It took longer than either Tyson Barrie or the Colorado Avalanche may have wanted, but the two sides have come to an agreement on a four-year contract for the 25-year-old restricted free agent blueliner.
Sportsnet’s Elliotte Friedman reported Sunday that Barrie has inked a four-year deal with an annual average salary of $5.5 million — a total of $22 million over the lifespan of the contract. The deal comes in shortly before Barrie was set to be awarded a contract through an arbitrator following an arbitration hearing between Barrie’s camp and the Avalanche on Friday.
It appears what it took for the deal to get done was Barrie giving in on term and the Avalanche showing wiggle room in terms of salary.

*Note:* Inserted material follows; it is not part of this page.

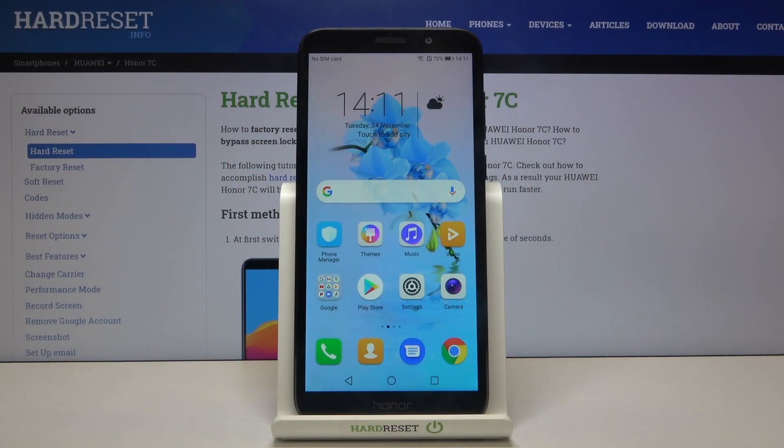Hi everyone, here we've got the Honor 7C and let me show you how to change the system language on this device.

When heading to arbitration, the reported ask by Barrie was a one-year, $6-million contract, while the Avalanche were seeking to ink Barrie to a two-year deal worth somewhere in the $4-million range per season.

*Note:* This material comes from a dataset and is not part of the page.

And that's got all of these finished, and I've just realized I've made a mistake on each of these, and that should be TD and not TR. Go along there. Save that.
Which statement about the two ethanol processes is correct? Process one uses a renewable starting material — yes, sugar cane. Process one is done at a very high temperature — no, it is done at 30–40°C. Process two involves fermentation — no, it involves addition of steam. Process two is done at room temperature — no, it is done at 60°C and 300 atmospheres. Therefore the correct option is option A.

Even with the contract signed, though, the question now becomes what Barrie’s future looks like in Colorado.
Barrie has long been the subject of trade rumors in Colorado, with some reports suggesting the Avalanche would be willing to move the defender in order to land a defenseman in return. The rumors were the Avalanche could potentially look for a defender with more two-way ability in exchange for Barrie, who is an excellent offensive defenseman but can sometimes make errors in his own end.
However, Colorado GM Joe Sakic addressed the Barrie trade talk ahead of the off-season by saying plainly that Barrie was going to remain with the Avalanche one way or another.
“I’d like to do a long-term deal with Tyson,” Sakic told the Denver Post’s Mike Chambers. “If that doesn’t work out, it’s expected he’ll go to arbitration. Either way, he’ll be here.”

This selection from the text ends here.